Code generation models have shown significant potential for programming tasks. However, existing training methods like supervised fine-tuning face key limitations: they do not effectively teach models to prioritize correct over incorrect solutions in ambiguous situations, nor do they effectively optimize the runtime efficiency of the generated code. To address these challenges, we propose CodeDPO, a framework that integrates preference learning into code generation to improve two key code preference factors: code correctness and efficiency. CodeDPO employs a novel dataset construction method, utilizing a self-generation-and-validation mechanism that simultaneously generates and evaluates code and test cases. The underlying assumption is that test cases executable by multiple code snippets provide more reliable validation, and code that passes more tests is more likely to be correct. Through this self-validation process, our PageRank-inspired algorithm iteratively updates the ranking score of each code snippet, ultimately creating a code preference optimization dataset based on correctness and efficiency. CodeDPO is flexible and scalable, generating diverse preference optimization data without depending on external resources. Through comprehensive evaluations of five widely used benchmarks, CodeDPO demonstrates significant improvements in correctness and efficiency compared to existing methods. Our experiments prove that CodeDPO enhances the capabilities of LLMs in code generation and provides a robust foundation for conducting code preference optimization in more complex and challenging real-world scenarios.

Figures (4)

• Figure 1: Log probabilities for code with varying correctness and efficiency during Phi-2-2.7B model training on our constructed dataset. The traditional SFT strategy struggles to teach models to prefer correct solutions over incorrect or slow ones. In contrast, our CodeDPO approach effectively optimizes for both correctness and efficiency.

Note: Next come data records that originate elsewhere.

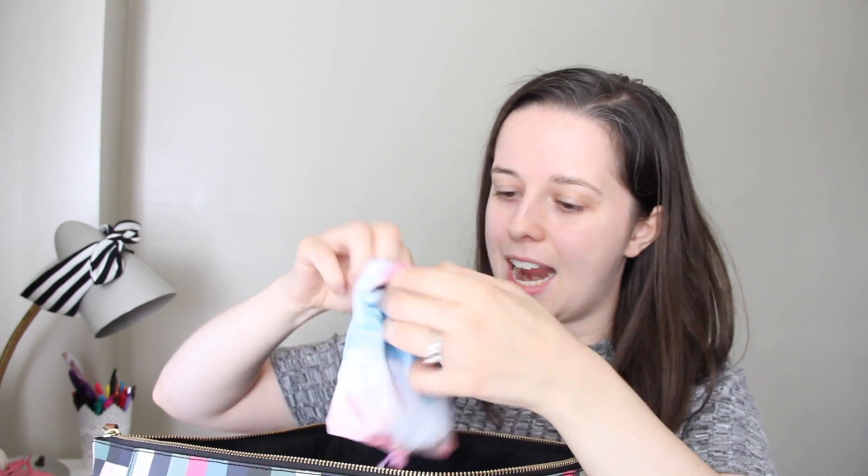This is really useful — I got it from Topshop, from Paper Chase. It's a cotton candy cloud reusable bag. This is kind of like my essentials little bag with pads, disinfectants, and pills for headaches.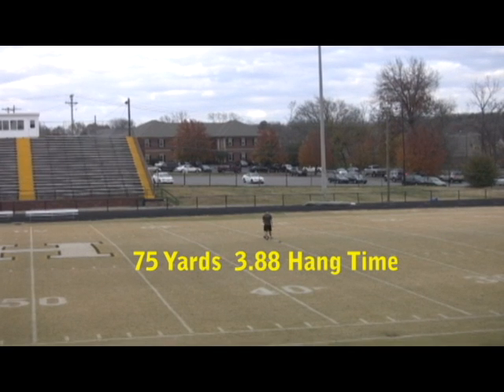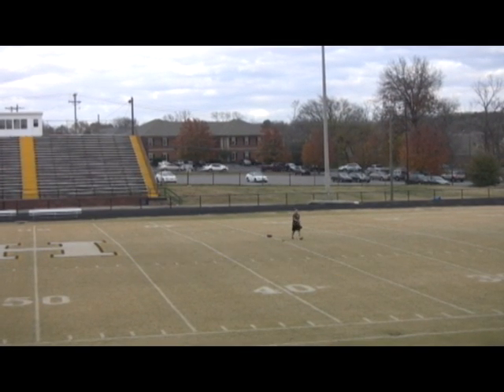We have a 3.9 hang time, distance of 75 yards.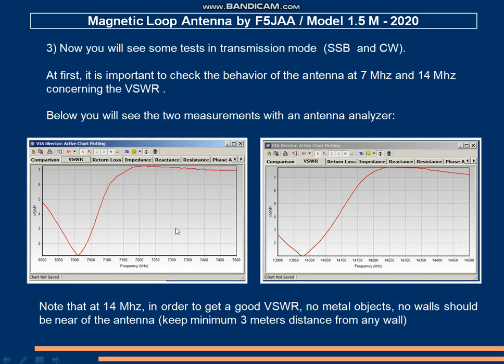Here are some measurements of the SWR at 7 MHz and 14 MHz — I could reach a value near 1. In any case, I recommend keeping the antenna far away from any metal objects or walls in order to get a good SWR value.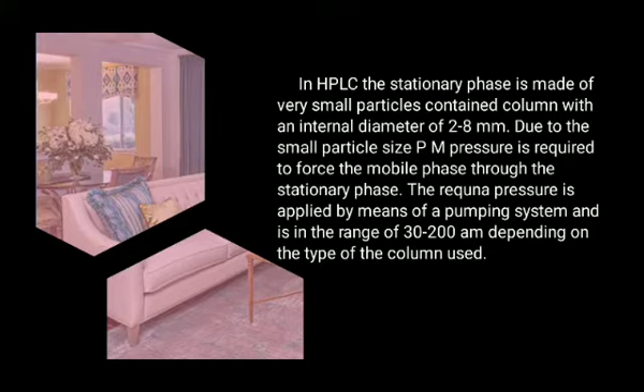Due to the small particle size, pressure is required to force the mobile phase through the stationary phase. The pressure is applied by means of a pumping system and is in the range of 30 to 200 atm, depending on the type of column used.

• Figure 2: Our CodeDPO involves four steps: ❶ Data Seed Construction with real-world source code; ❷ Correctness Optimization with self-validation score (in this figure we set $T$ to 2 and $d$ to 0.5. For simplicity, the final score in the figure is rounded to one decimal place. Details are shown in Appendix \ref{['sec:pythonimp']}); ❸ Efficiency Optimization with execution time on credible tests; ❹ Model Optimization Training.
• Figure 3: Runtime Speedup and Percentage of Optimized Code on HumanEval+ and MBPP+.
• Figure 4: Python Implementation of the Self-Validation Scores in Figure \ref{['fig:method']}.